It's the rumour that just won't die. Microsoft is making its own Windows Phone smartphone to take on the Samsung Galaxy S3 and the iPhone 5, according to yet more sources talking to various news sites around the globe. 

Just as Microsoft was perpetually rumoured to be launching Blu-ray player for the Xbox 360 - it hasn't yet - the latest rumours suggest that the company isn't overly keen on the efforts put forward by Nokia, HTC, Samsung and others and therefore decided to have a go itself - just as it is about to with the Microsoft Surface.

The rumour started after a report this week in China Today, and has been continued by two websites in the US falling over themselves to claim they have the inside exclusive scoop.

"Information has come forward to Windows Phone Central that demonstrates Microsoft does have their own Windows Phone hardware in the works; in fact, we’ve heard it already exists and is in testing. The source(s) are known to us and not anonymous, though for obvious reasons we must keep them off the record," claims Windows Phone news site Windows Phone Central.

"Details about what it looks like, hardware specifications, launch times, etc have not been shared with us by the person(s) who have provided the information.

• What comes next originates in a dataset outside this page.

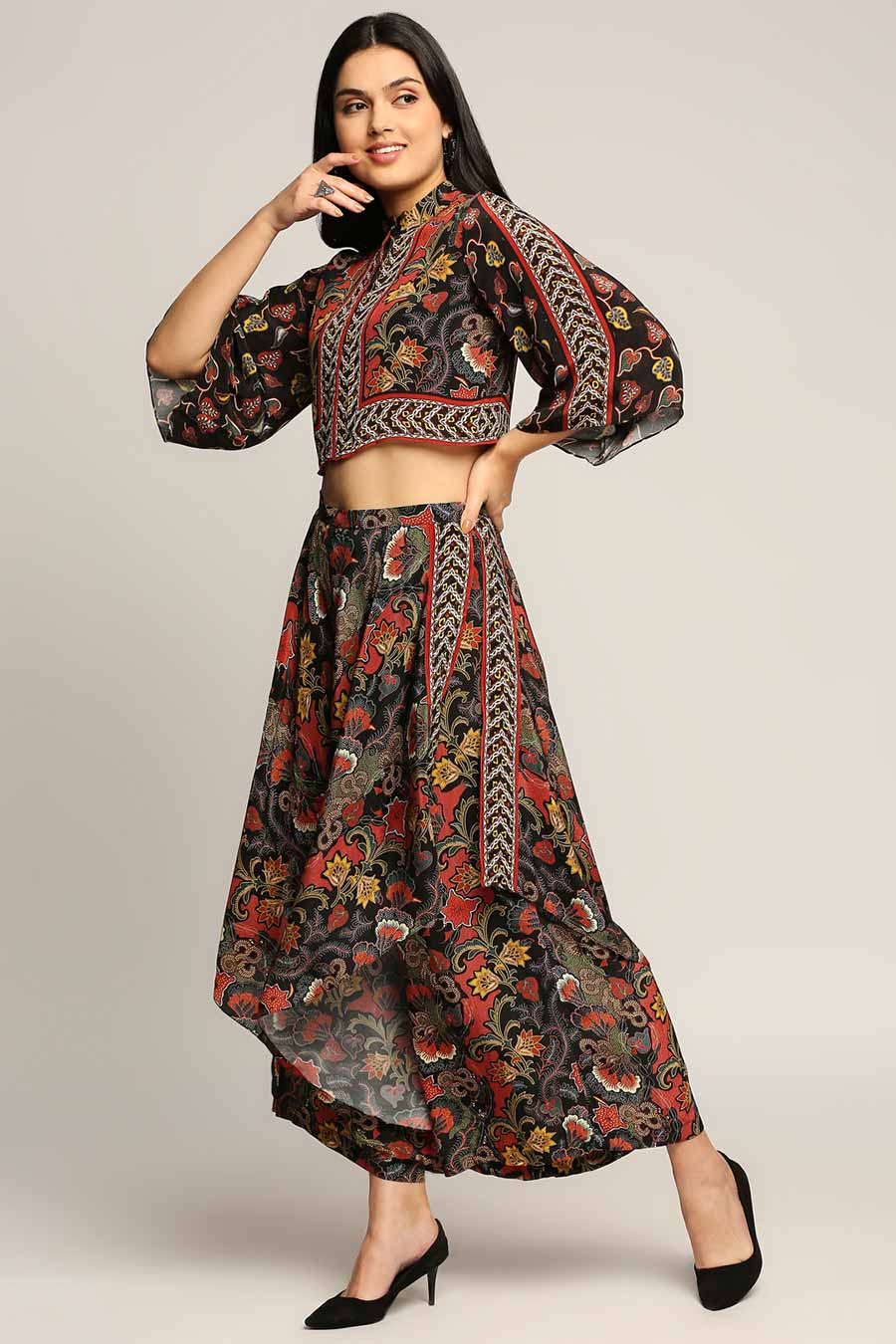 Batik Print Top & Layered Pants Set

The only thing we do know is when compared to current WP8 hardware it’s something unique."

BGR.com, which has been known to be wrong on many occasions, claims in its "exclusive" that "BGR has learned that the Redmond, Washington-based company plans to release its own Windows Phone 8 smartphone in the coming months," before adding later in the article that: "Our source declined to provide any details beyond the fact that the handset is in the late stages of development and will launch in the coming months."

Of course with new high-profile launches just a week away from HTC, Nokia, and Samsung it would seem a strange move from Microsoft to openly compete against its partners, especially after both Nokia and HTC claim that Microsoft is actively helping them launch their phones - mentally, physically and financially. 

HTC and Microsoft has even gone as far as calling the 8X and the 8S "Signature Windows Phones", with Microsoft insisting HTC brands the new models the Windows Phone 8X by HTC - hardly the move of a company about to launch its own model competing against the new handsets.

That leads us to either take the "sources" with a pinch of salt, or believe that it could be wishful thinking by a few Microsoft employees keen to make the rumours a reality.

Then there are others, like Mary-Jo Foley at ZDNet.com, which suggests Microsoft go on the record and say that it definitively isn't making a Windows Phone phone. That would be likely to cause it problems if Microsoft did a U-turn later on.

For us, at the moment, we can't see a Microsoft-made Windows Phone becoming a reality any time soon.

Now where is that Blu-ray disc, I need to fire up that yet-to-be-launched Xbox.